Абстрактные художники нередко дают своим полотнам заглавие. Они вводят тем самым в специфически живописную (чистую) структуру то, чего больше всего боятся, — литературу, инородный смысловой фактор; притом наделяя его решающим эстетическим значением, — поскольку заглавие организует ассоциации воспринимающего.
Если некое сочетание цветовых плоскостей снабжено заглавием Лошадь, то зритель не то что увидит лошадь, но он в этом направлении будет искать воспринимаемую им форму. Назовите ту же цветовую комбинацию Весна — и движение ассоциаций изменится.
Образ же, построяемый искусством, — это и есть пучок ассоциаций, с большей или меньшей точностью (в зависимости от стилистического принципа) предопределенный художником. Без относительной предопределенности, ограниченности ассоциаций эстетический факт невозможен.

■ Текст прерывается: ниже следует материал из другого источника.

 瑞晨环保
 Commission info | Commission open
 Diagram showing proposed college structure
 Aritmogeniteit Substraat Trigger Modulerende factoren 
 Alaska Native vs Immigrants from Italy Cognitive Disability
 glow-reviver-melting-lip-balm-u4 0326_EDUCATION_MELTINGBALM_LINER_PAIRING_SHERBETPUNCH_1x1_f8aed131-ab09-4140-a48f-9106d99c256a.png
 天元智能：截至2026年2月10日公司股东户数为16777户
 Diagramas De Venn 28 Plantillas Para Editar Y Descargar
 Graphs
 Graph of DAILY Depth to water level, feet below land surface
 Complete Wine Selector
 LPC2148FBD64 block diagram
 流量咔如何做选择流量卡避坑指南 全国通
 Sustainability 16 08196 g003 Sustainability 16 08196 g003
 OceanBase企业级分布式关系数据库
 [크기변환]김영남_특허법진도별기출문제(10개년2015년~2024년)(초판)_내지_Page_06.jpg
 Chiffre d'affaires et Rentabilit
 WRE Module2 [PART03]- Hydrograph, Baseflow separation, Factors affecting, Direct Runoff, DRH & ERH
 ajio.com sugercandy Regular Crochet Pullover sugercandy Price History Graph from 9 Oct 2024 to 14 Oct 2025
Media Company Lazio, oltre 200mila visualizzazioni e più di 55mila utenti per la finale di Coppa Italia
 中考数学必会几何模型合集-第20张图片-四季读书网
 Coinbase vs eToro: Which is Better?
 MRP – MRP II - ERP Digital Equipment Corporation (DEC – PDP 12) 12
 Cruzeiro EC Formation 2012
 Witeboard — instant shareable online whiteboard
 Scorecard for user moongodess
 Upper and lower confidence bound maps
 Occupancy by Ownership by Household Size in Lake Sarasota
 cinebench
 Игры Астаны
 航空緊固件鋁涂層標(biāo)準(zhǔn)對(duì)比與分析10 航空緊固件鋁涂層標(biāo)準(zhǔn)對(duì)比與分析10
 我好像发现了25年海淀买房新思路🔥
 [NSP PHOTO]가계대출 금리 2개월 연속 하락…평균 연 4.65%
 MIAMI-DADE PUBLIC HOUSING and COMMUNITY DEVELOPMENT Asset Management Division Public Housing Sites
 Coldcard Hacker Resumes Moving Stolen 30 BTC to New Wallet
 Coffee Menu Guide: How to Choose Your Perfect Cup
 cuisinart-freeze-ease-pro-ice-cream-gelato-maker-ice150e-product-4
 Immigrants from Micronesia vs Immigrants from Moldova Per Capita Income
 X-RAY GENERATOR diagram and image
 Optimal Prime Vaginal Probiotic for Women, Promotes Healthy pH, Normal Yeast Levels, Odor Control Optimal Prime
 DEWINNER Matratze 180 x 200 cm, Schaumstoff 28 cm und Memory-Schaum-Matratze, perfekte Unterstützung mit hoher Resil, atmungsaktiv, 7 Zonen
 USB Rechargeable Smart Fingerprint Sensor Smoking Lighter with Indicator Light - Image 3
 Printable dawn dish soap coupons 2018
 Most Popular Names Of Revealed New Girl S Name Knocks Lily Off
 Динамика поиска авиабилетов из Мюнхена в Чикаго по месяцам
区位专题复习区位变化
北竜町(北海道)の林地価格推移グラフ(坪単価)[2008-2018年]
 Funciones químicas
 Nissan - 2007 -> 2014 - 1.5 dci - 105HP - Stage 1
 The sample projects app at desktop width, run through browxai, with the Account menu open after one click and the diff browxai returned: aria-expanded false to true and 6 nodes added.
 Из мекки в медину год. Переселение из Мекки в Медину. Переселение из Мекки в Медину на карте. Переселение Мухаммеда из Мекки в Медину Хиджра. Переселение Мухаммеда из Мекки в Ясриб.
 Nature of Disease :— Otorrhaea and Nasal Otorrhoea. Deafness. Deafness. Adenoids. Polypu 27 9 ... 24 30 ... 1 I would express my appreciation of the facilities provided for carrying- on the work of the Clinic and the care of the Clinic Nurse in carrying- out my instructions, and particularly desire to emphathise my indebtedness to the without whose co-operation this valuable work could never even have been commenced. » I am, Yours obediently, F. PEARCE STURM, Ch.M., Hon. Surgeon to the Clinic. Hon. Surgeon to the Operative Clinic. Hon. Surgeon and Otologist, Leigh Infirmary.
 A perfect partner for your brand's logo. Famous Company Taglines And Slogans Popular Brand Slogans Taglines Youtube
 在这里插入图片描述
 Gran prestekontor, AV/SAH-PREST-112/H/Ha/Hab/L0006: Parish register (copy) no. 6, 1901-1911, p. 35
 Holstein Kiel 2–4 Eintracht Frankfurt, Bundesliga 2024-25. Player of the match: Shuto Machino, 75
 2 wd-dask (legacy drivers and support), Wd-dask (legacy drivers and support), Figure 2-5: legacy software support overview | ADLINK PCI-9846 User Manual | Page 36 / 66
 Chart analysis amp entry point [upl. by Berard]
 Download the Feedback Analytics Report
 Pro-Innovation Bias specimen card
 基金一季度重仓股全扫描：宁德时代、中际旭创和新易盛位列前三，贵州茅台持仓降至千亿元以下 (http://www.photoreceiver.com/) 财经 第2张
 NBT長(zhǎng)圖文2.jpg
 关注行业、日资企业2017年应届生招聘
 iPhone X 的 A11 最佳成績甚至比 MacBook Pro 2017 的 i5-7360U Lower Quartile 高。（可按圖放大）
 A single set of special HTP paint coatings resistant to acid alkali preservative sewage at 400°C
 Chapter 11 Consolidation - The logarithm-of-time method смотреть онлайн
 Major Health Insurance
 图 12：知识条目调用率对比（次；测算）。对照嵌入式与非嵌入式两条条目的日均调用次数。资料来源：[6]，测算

Обдуманное создание художника подменилось бы произвольными интуициями зрителя.
Если эстетическую жизнь абстрактного (заумного тож) произведения решает заглавие, в других системах служащее лишь придатком, то непоправимо подорван самый принцип абстрактности как воздействия только живописными средствами.
Права дурная литературная традиция, изображающая ученого и художника диким, заросшим, чудаковатым и проч. Дело даже не в отсутствии свободного времени (без передышки все равно нельзя работать), а в необходимости свободного от всего лишнего сознания.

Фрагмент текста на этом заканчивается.